In the matter between:

 

MCLEROTH, HEATHER MONICA JOY

APPLICANT

And

 

NAICKER, UDESH

FIRST RESPONDENT

NAIDOO, AMANTHA

SECOND RESPONDENT

CITY OF JOHANNESBURG

THIRD RESPONDENT

ABSA BANK LTD

FOURTH RESPONDENT

NEDBANK LTD

FIFTH RESPONDENT

CHARLES DE ANDRADE

SIXTH RESPONDENT

 

JUDGMENT

 

MILLAR, A J

1. The applicant is the registered owner of Portion 29 of Erf [...] Morningside Extension 98.  The first and second respondents, who I shall hereafter refer to as “the respondents” are the joint owners of Portion 28 of the same Erf.

2. During 1984 a company by the name of Merbuild owned and developed Erf [...].  The Erf was sub-divided by them into 5 portions – Portions 25, 26, 27, 28 and 29.  The Erf fronts onto Meadowbrook Close in Morningside.  Save for Portion 25, which has direct access to Meadowbrook Close and is not affected in any way for such access by its position, all of the other Portions rely on a right of way across portions of the other Erven for access to Meadowbrook Close.

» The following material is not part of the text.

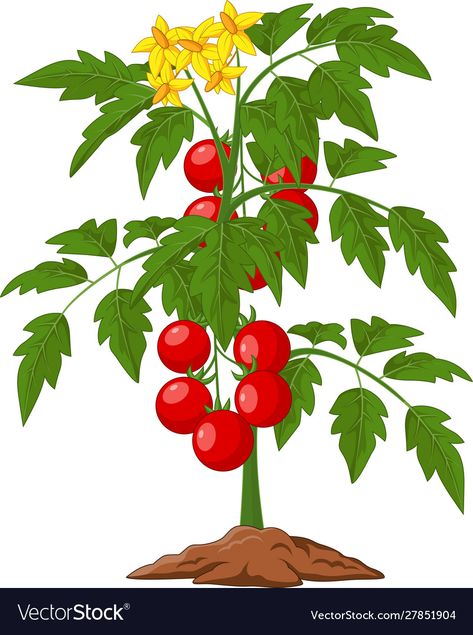 Cartoon Tomato, Tomato Tree, Tanaman Tomat, Farm Cartoon, Plant Cartoon, Moringa Tree, Planting Sunflowers, Plant Clips, Tomato Plant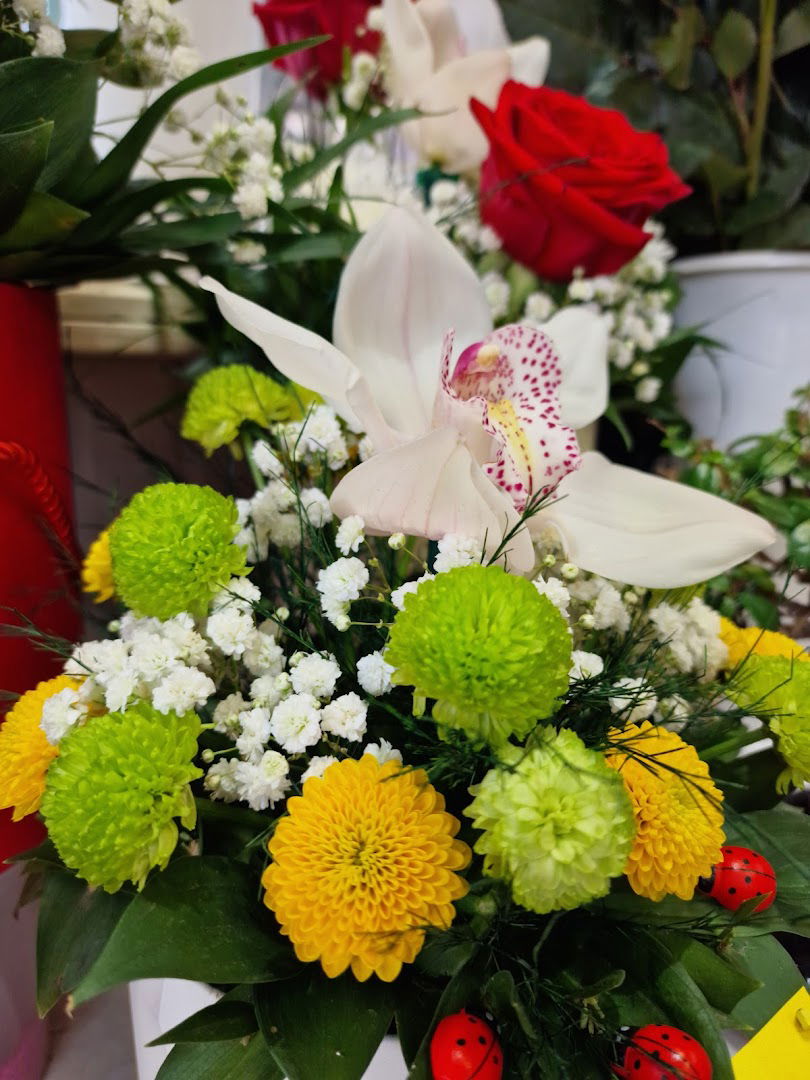 Cvecara Anemona Batajnica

3. Merbuild developed and sold on the various Portions completed dwellings.  At the time that these dwellings were completed, it was contemplated that there would be a “common” driveway which would provide access for the individual properties to Meadowbrook Close.  The subdivision of the Erf had provided for each of Portion 26, 27 and 28 to have a driveway of varying lengths to afford access. 

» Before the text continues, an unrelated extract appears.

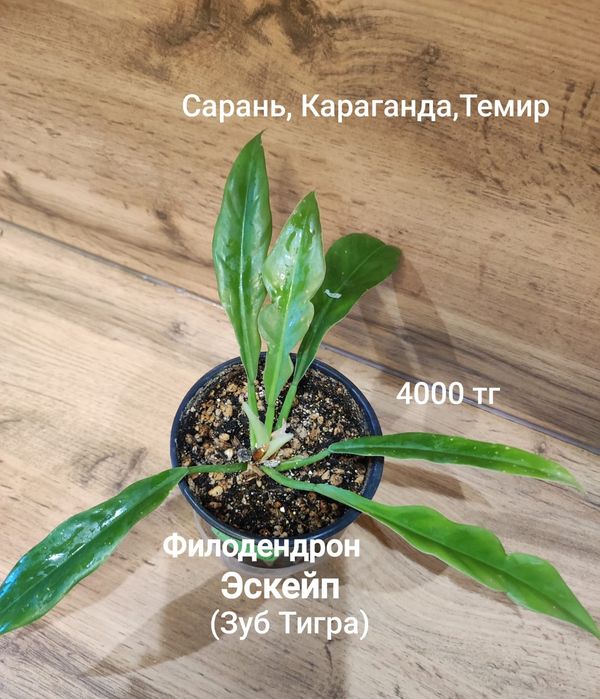 Филодендрон филодендрон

4. It was also contemplated by Merbuild that all 3 driveways, which run in parallel to each other and are for all intents and purposes a single driveway, would afford access to the owners of all the Erven and to this end, at the time that the individual portions were developed and sold, Notarial Servitudes of Right of Way which would have allowed the owners of all 5 Portions from time to time free and unhindered access across the driveway area of Portions 26, 27 and 28.  That this is so is not in dispute and in fact the Applicant’s property, although it fronts onto Meadowbrook Close was constructed in such a manner that access to both the front door and garages is through what Merbuild had contemplated of as the “common” driveway area.

5. For reasons that are unclear, the Notarial Agreements were not entered into between the respective owners of the Portions as and when transfer was taken by them from Merbuild.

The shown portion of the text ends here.